For the most part, the conventional toy vehicle and launcher systems have utilized a launcher adapted to be placed on a floor, table or like flat surface in a stationary position, with the user manually depressing a release mechanism in order to release the locking means and enable forward motion of the vehicle. In such a system, the user is psychologically spaced from the vehicle, and hence from the driver of the vehicle, so that he is less able to identify with and imagine himself to be the driver of the vehicle. There has been a wrist-mounted launcher with the axis of the vehicle being perpendicular to the axis of the wrist (and thus the arm) so that the vehicle, upon release, had a forward direction motion transverse to the wrist; however, it was difficult to "aim" the vehicle in a given direction due to the transverse mounting configuration, and the user's sense of identification with the driver was therefore only minimal. It would be easier to aim the forward motion of the vehicle and promote the sense of identification with the driver if the vehicle had its initial forward motion along or parallel to the axis of the limb so that the vehicle would actually travel over the phalanges of the user.
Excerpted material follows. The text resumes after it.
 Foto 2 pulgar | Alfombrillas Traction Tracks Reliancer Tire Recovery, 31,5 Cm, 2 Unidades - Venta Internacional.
Accordingly, it is an object of the present invention to provide a toy vehicle and launcher system which combines the advantages of a wind-up motor in the vehicle and a biasing means in the launcher to provide a quick start and a long run for the vehicle.
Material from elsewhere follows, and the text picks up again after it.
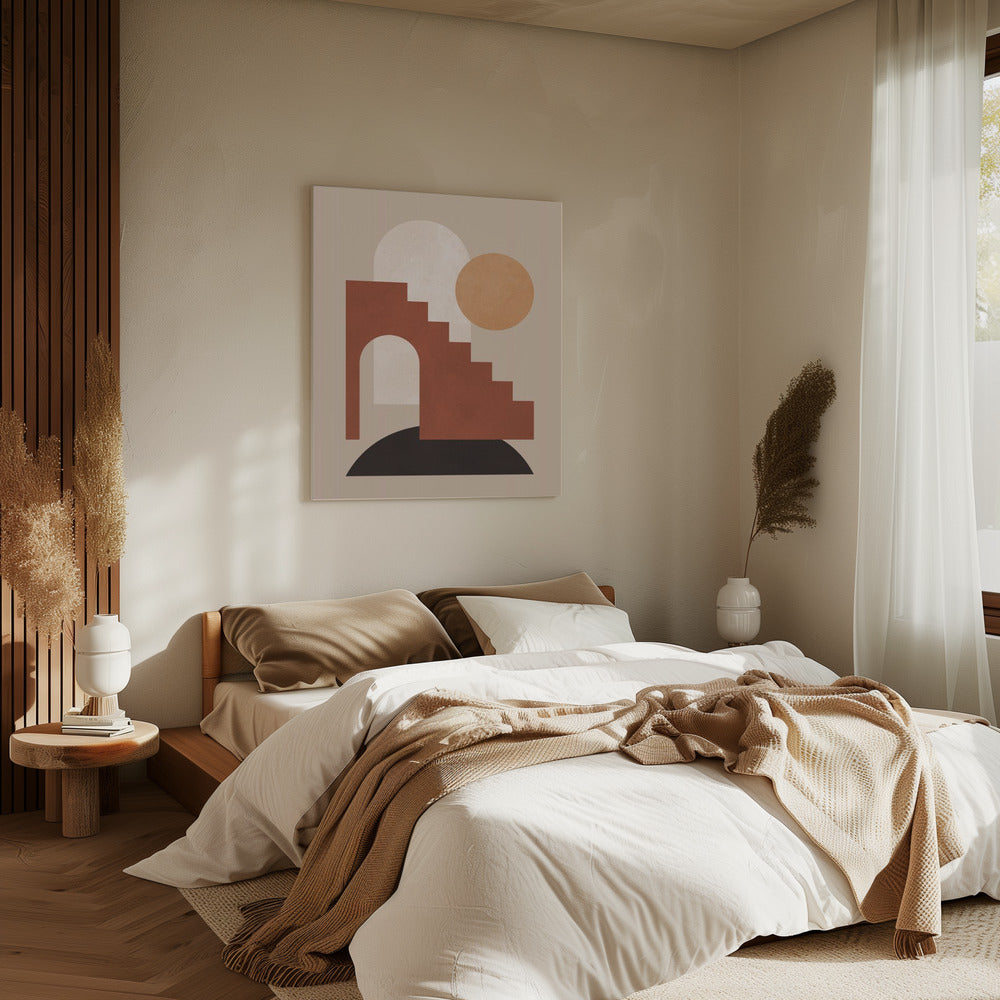 Geometrische compositie 4 | Canvas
Another object is to provide a toy vehicle and launcher system wherein the launcher is mounted on a limb of the user so that the initial forward motion of the vehicle is parallel to the axis of the limb.
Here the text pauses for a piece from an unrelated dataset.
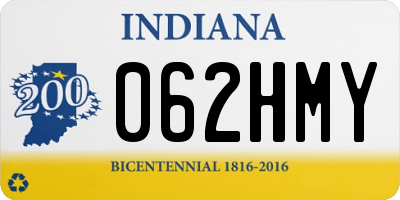 IN license plate 062HMY
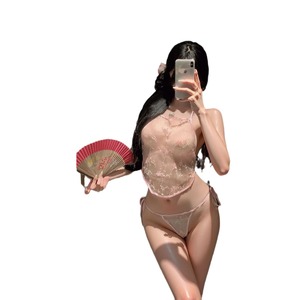 Lemon Story Sexy See Through Bellyband Lingerie Ensemble de lingerie brodée pour femmes 8344 - Product Image 5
A further object of the present invention is to provide a toy vehicle having two separate and independent drive means so that it achieves a quick start and a long run.
The above and related objects of the present invention are found in a toy vehicle having two independent and separate means of propulsion in the forward direction, one of the propulsion means comprising a wind-up spring-driven motor and the other comprising biasing means.
In a preferred embodiment, the biasing means comprises a spring and a retractable spring-loaded piston, the axes of the spring and the piston being longitudinally aligned with the longitudinal axis of the vehicle. The piston is axially aligned with the vehicle and is loaded against the spring by backward motion of the vehicle. Where the vehicle comprises at least a longitudinally spaced pair of wheels, the biasing means is optimally disposed intermediate the pair of wheels. The biasing means provides the vehicle with a maximum forward motion force essentially immediately upon release of the vehicle from a restrained position, and the motor provides the vehicle with an additional maximum forward motion force thereafter.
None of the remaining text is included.